Phil
Welcome to Board Talk. This is Phil Zarrow and Jim Hall, sometimes known in certain corners of the world as the Assembly Brothers. We're here to answer the questions you sent in on surface mount process, assembly, materials, equipment, anything that may be bothering or perplexing you or razzle and dazzling you.

Today's question is from a Mr. or Ms. VF from Dallas, Texas, who writes, "I have several PC boards with mixed density components. In other words, I have some of what you guys call coarse, 50 mil big capacitors and the like, but I also have some difficult fine pitch, including some .5 millimeter pitch CSP's. If I use a 6-mil stencil, I have problems with my CSP's and if I go down to a 4 or 3 mil stencil, how do I get sufficient volume for the big boys? So what do I do? I'm all mixed up. Help me."

Jim
Before we get started, let me talk about the rampant use of the term mixed. This questioner is using mixed densities talking about having different sized components on the board with different pitch or size leads.

Think of the other times mixed has been used. I defined mixed technology 30 years ago as printed circuit boards that have both surface bound components and through hole components on the same board. But more recently, we've talked about mixed assembly being backward and forward compatibility with lead-free assemblies, in particular backwards compatibility with lead-free components being introduced unknowingly or inadvertently into a tin lead assembly.

So be careful when somebody says mixed. It's a very common word. I would have to say most boards assembled in the world today fall into this category where you've some 50-mil pitch IC's and some big capacitors which require a relatively large volume of solder. If we consider the solder fillet on the size of the leads, to get a good solder joint, you need a relatively large volume relative to the size of the pad.

On the other hand, for fine pitch 20-mil pitch IC's or in this case, .5-millimeter pitch CSP's, they're very small leads, very small balls on the bottom of the CSP's. They need a relatively small volume of solder and solder paste to be applied in order to get the appropriate joint.

So what are some of our options here, Phil?

Phil
The obvious is we could do a reduced aperture and that would to a certain degree help out the little guys but –

Jim
That's where we'd stay with the thicker, in this case the 6-mil stencil.

Phil
Exactly, 6-mil stencil and –

Jim
Normal apertures for the big components, reduced apertures for the small components.

Phil
But the liability here is what we like to call too-tall apertures.

Jim
For a thick stencil, as we start making the aperture smaller and smaller, we reach a point where the aperture becomes so tall and narrow that it's difficult to get repeatable flow of solder paste in and out of the aperture.

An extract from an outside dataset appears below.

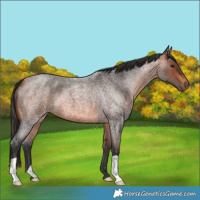 Horse Color:Bay Roan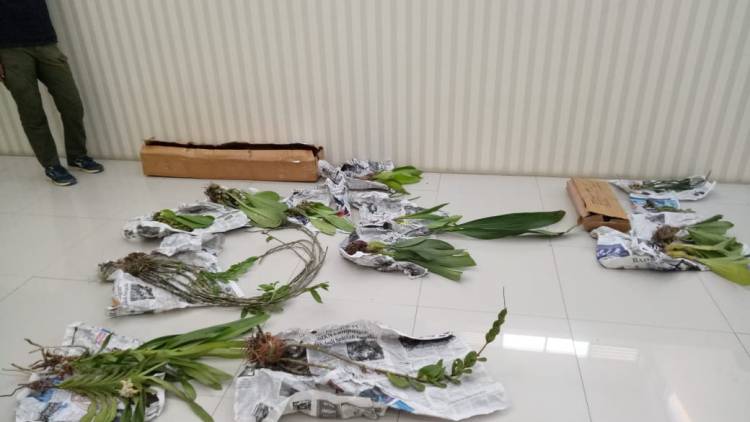 10 jenis anggrek dengan jumlah 20 rumpun di serahkan ke BBKSDA Sulsel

So therefore, when we go to print, we don't get consistent results because the solder paste just won't fill and release repeatedly from this tall, narrow aperture.

What other options might we have?

Phil
Well, of course we can go to the other extreme. We can go down and reduce the thickness of our stencil. Let's go down to say a 4-mil stencil maybe even that much and that would certainly help out those little CSP guys.

Jim
Right, but then what do we do about the big guys?

Phil
That's right. Yeah, what do you do? If you go into an overprint, you're gonna risk things like bridging and of course the ever present, ever ominous solder balls, so that may or may not work.

And finally, another solution, and it goes under that category of everything old is new again, the old step stencil. Ah, yes. You want to explain what a step stencil is?

Jim
A step stencil is really the most robust solution for this problem. It's where you actually create different thicknesses in the stencil in different areas. The most common technique would be start with a thicker, in this case, 6-mil stencil, and then in the areas where you have my fine pitched parts reduce the area, usually by milling or etching the thickness of the stencil to what's required for the fine pitched part. You don't have to do any aperture reduction. You can get good fill and release and get the proper volume for the parts.

Unfortunately, when you go to a step stencil, you open a whole bunch of other potential problems for design, process variables, limitations, and so forth. I think as much as we can say now. We're gonna have to come back on another session and talk about the details and trade offs for step stencils.

Basically that's the problem, you have three options: thick stencil aperture reduction, thin stencil overprint, or a step stencil.

Phil
So Jim Hall and Phil Zarrow of ITM for Board Talk. We are otherwise known as the Assembly Brothers and we remind you, don't solder like my brother.

Jim
And don't solder like my brother and keep those kids away from the solder pot.